Barring a last minute U-turn as a result of the lobbying backlash, the new UK energy secretary Amber Rudd is widely expected to announce the shutting down of the Renewable Obligation Certificate (ROC) subsidy system (see panel) a year earlier than expected: bringing forward the cut-off date for qualifying projects to be constructed from March 2017 to March 2016.

Niall Stuart, the chief executive of trade body Scottish Renewables, told the Sunday Herald that, if Rudd confirms the early closure of the ROC scheme it would have a "disastrous" impact on investor confidence as developers would instead have to bid for subsidies under the more strictly rationed Contract for Difference (CfD) scheme.
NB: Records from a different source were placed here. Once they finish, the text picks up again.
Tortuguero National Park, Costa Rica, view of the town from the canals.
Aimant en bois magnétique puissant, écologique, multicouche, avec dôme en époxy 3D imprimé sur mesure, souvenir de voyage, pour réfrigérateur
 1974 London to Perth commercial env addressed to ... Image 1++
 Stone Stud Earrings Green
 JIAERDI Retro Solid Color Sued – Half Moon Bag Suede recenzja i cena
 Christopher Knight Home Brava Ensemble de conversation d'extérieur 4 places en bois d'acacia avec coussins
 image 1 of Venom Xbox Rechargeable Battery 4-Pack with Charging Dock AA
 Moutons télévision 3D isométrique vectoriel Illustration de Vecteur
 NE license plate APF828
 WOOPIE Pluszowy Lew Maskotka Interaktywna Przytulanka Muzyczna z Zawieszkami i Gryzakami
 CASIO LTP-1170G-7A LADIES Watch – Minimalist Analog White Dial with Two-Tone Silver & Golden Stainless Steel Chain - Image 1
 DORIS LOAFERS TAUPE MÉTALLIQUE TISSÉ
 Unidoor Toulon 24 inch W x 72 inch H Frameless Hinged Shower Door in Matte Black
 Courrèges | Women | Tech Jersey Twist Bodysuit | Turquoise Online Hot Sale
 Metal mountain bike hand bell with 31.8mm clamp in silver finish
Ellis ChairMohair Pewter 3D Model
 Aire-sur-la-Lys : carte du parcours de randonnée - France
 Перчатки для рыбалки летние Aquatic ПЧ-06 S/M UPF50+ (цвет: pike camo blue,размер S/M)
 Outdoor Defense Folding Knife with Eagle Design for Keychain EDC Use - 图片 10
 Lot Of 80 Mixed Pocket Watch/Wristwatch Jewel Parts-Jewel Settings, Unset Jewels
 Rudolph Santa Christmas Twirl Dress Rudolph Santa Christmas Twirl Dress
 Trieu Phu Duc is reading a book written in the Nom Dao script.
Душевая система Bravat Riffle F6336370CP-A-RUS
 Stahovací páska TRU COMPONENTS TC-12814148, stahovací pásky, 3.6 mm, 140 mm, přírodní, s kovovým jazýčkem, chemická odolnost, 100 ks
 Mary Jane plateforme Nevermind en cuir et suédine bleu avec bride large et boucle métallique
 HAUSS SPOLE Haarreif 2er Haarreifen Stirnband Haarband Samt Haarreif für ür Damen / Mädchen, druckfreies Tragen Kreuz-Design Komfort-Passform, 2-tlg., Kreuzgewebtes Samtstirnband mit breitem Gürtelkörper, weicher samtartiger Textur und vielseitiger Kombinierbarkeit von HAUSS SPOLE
According to Scottish Renewables around 850 onshore wind turbines spread across 37 projects representing 2,129 megawatts of generation capacity already have planning permission in Scotland and are now under threat.

If built, the industry says, the turbines would provide a £3 billion investment boost to the Scottish economy and would generate 5446GWh over their lifetime equating to 14.2 per cent of existing gross electricity consumption in Scotland.

"All of these projects will have been making investment decisions on the basis of the ROC being available until 2017 and two projects are already under construction," Stuart said.

"We are focussed on persuading the government that it would be a mistake for the UK's energy market and a mistake for consumers to go ahead with this."

Developers who had invested significantly in bringing forward proposals for new schemes could decide to sue the government for bringing the ROC subsidy scheme to an end earlier than expected, Stuart warned, pointing to the fact that green groups last year successfully sued the previous coalition government after it changed the rules on rooftop solar panel subsidies.

"Any change to the mechanism that would bring forward the ROC's closure would be a retrospective moving of the goal posts," Stuart said. "Developers have acted in good faith on a commitment and spent years and millions getting the necessary consents and grid connections."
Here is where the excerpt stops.